Review comments on papers by the “great and the good”

A catch-all post for comments on my various reviews on significant pro IPCC climate papers.

Dr Rolf Philipona has kindly replied to my comments on his 2005 paper. I intend to present more data for various parameters in the weeks ahead.

Just for now though I want to restate that the Greenhouse Effect has to act in the lower atmosphere and then some of that heat is re-radiated to the surface. See basic descriptions on this NOAA site.

Hence my comment that I feel it is odd to ignore lower troposphere trends, because that is where AGW has first to take place.

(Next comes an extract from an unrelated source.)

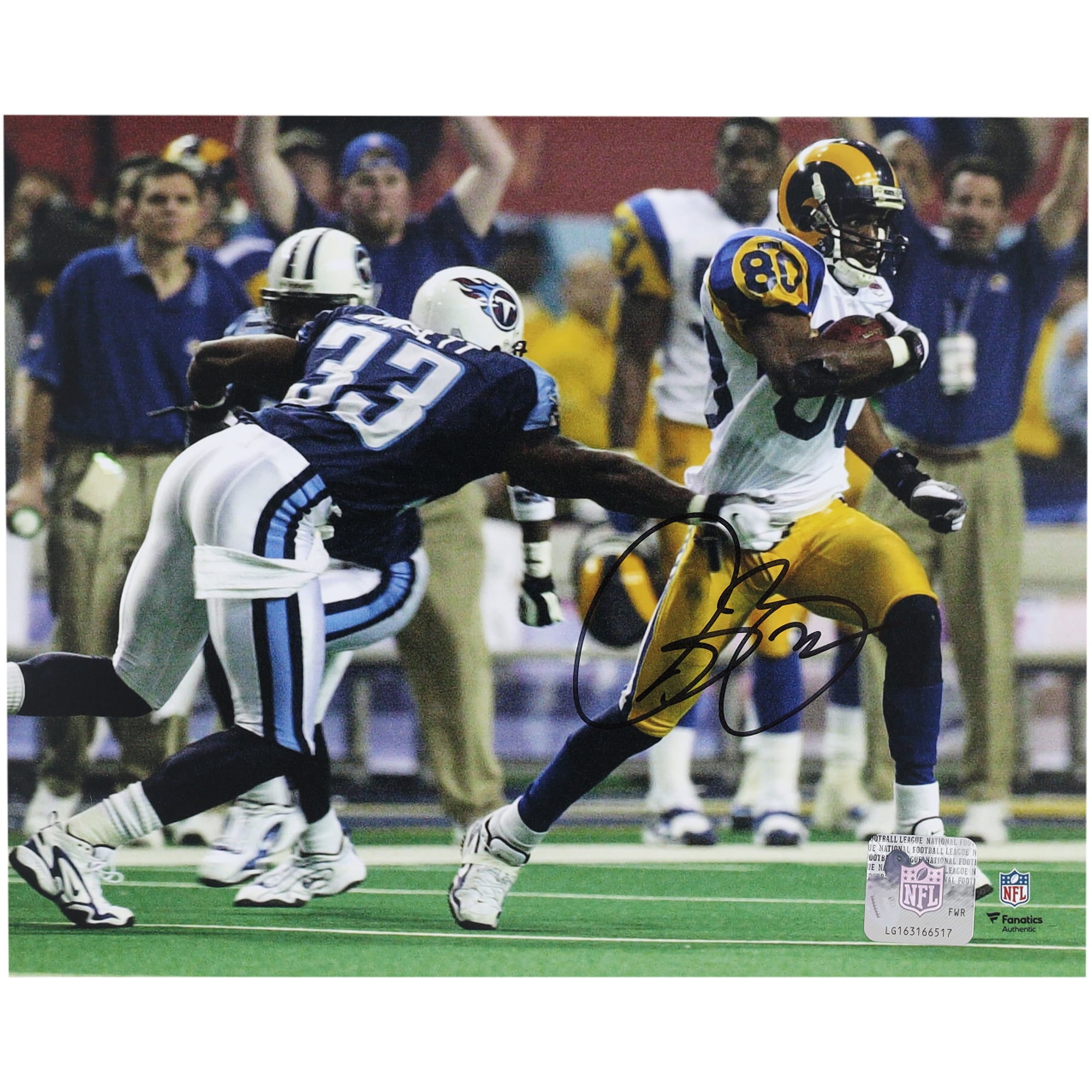 Isaac Bruce St. Louis Rams Autographed 8" x 10" Super Bowl XXXIV Touchdown Photograph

IPCC Anthropogenic Global Warming (AGW) is driven by increases in trace gases carbon dioxide, methane etc plus contentious postulated positive feedbacks from water vapour which as many authorities state is by far the most abundant greenhouse gas.

To wrap up for now, just a few very general points. Readers who follow weather forecasts and associated satellite imagery do not need me to point out that the lower atmosphere is characterized by constant large scale movement, lateral and vertical and circulation of air masses on hemispheric scales. Dr Philipona has alluded to looking to understand European warming to some extent outside the influence of the NAO and other people may comment on that.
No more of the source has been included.